Wednesday, 11 January 2006

International Journal of Systematic Theology

The latest issue of the International Journal of Systematic Theology is out now, and it’s available online to Blackwell Synergy subscribers. The contents are superb:

IJST 8:1 (2006)

Religious Diversity, Christian Doctrine and Karl Barth
Geoff Thompson (Brisbane)

Karl Barth, Emil Brunner and the Subjectivity of the Object of Christian Hope
John C. McDowell (Edinburgh)

Fides Quaerens Intellectum: Reflections towards an Explorative Theology
Hans G. Ulrich (Erlangen), translated by Brian Brock

Federalism vs Realism: Charles Hodge, Augustus Strong and William Shedd on the Imputation of Sin
Oliver D. Crisp (Bristol)

Trinitarian Missiology: Towards a Theology of God as Missionary
Stephen R. Holmes (St Andrews)

Of greatest interest to me is Hans Ulrich’s article on theological method. Here’s the abstract: “The postmodern critique has rendered traditional justifications of the practice of research incredible. Further, the status of theological research, in which ‘the discovery of new facts’ or the like is at best ambiguous as an aim, must be under question. This article argues that the aim of theological research is to discover what life lived as if theological claims were true might look like.”

1 Comment:

J. B. Hood said...

Thanks for throwing out things that bibliobloggers (and bib studies guys) miss.

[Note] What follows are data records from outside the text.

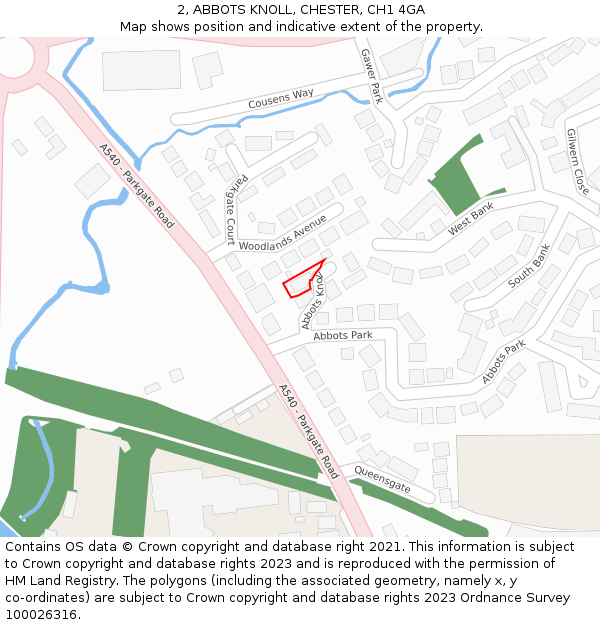 2, ABBOTS KNOLL, CHESTER, CH1 4GA: Location map and indicative extent of plot
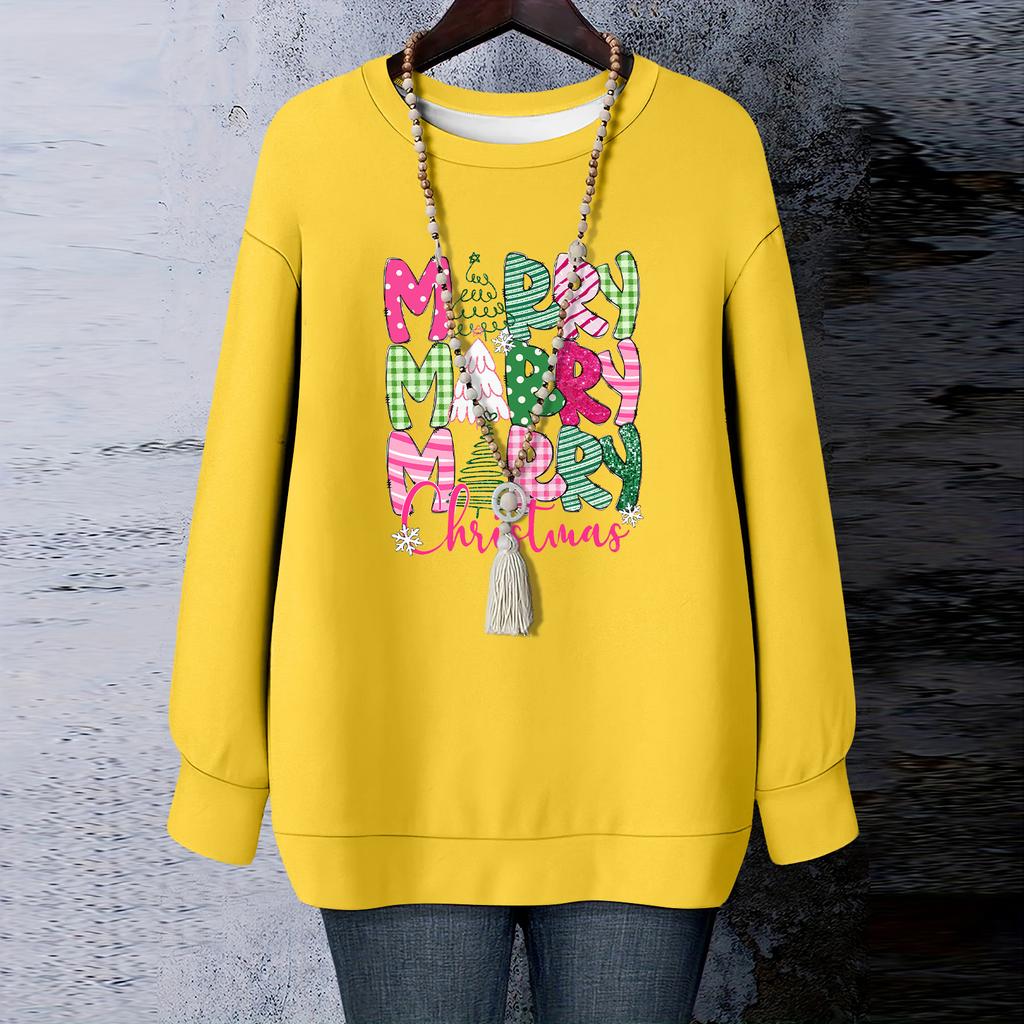 Damen Weihnachts-Print Rundhals Langarm T-Shirt Sweatshirt Oberteil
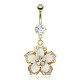 Piercing nombril plaqué-or 58 - Fleur nacre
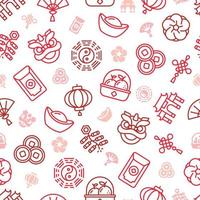 Red outline icons of Lunar New Year as repeatable pattern. vector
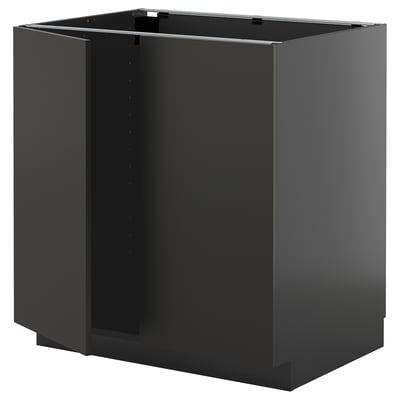 Černá kuchyňská skříňka METOD, moderní design, čtvercový tvar, lesklá povrchová úprava, robustní dřevotřískový rám.
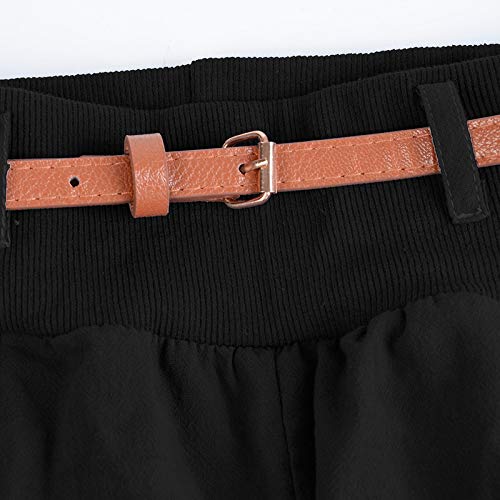 Litthing Pantalones Anchos de la Pierna Suelto Pantalon Harén Harem Casual Wide Leg Holgados Bloomers Moda para Mujer (Negro (Versión Mejorada), M)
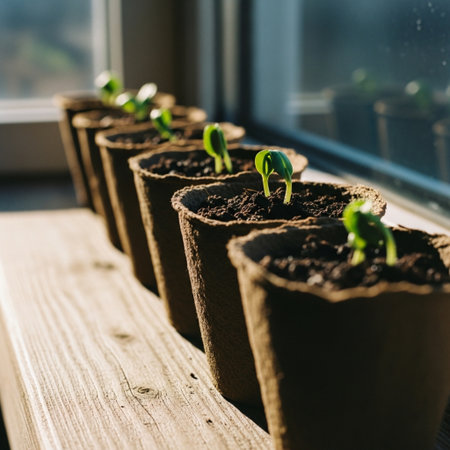 Plant seedlings in peat pots on the windowsill. Selective focus.の素材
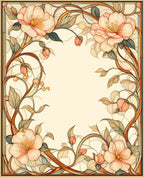 Floral Art Nouveau Inspired Design Rug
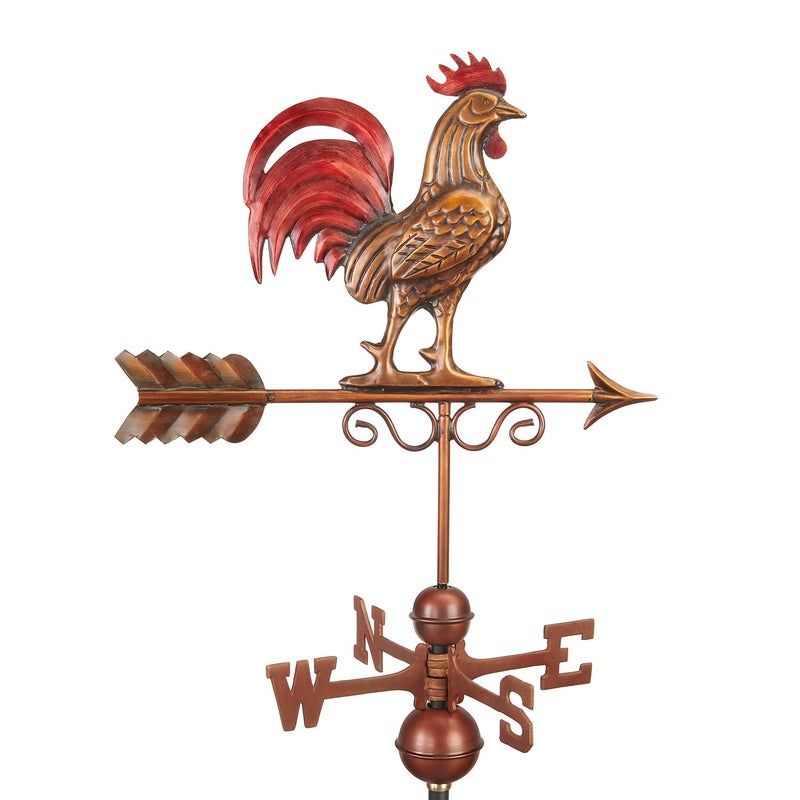 Good Directions Bantam Red Rooster Copper Weathervane, Hand Finished Multi Color Patina - Image 4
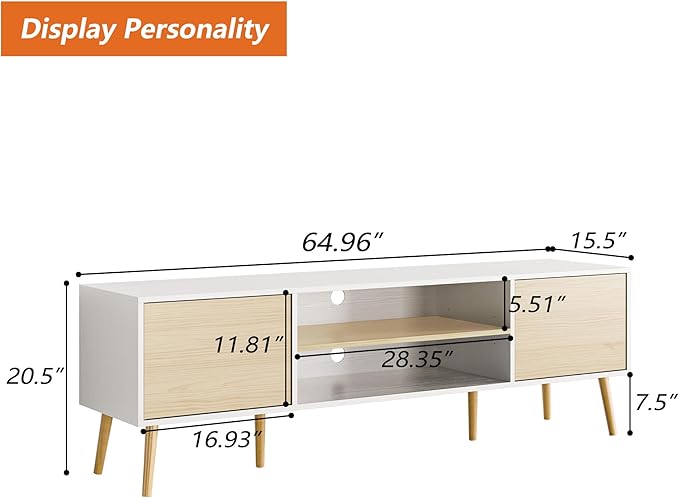 TV Stand for 75 Inch TV, Entertainment Center with Storage, 2 Cabinet Media Console Table, Wood Feet, Living Room, Bedroom Furniture,White&Oak
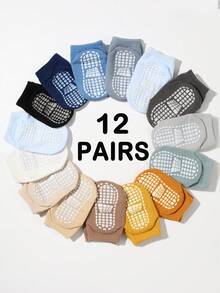 20 Pairs Anti-Slip Baby Socks, Suitable For Boys And Girls, Spring/Summer Random Color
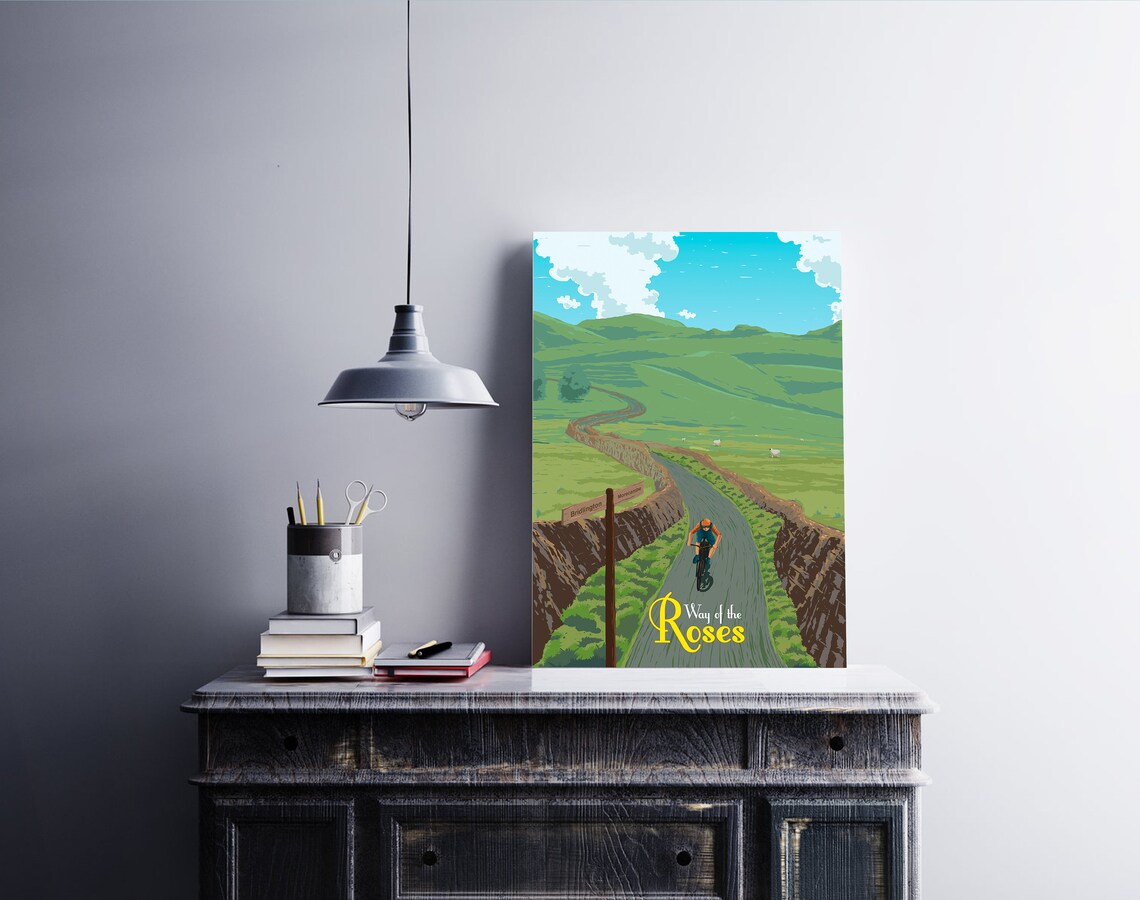 Way Of The Roses Cycling Travel Poster Print - Image 2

That quote from Ulrich is absolutely fascinating. I suppose in a way it's a bit like Francis, Calvin, Wesley, Schweizer, and many others, who sought to live life as if their claims were true. Does that mean that tenured profs are less valuable as exegetes and/or theologians? Is there any danger we collapse into missiology and mission? Or is that what YHWH intended all along?!?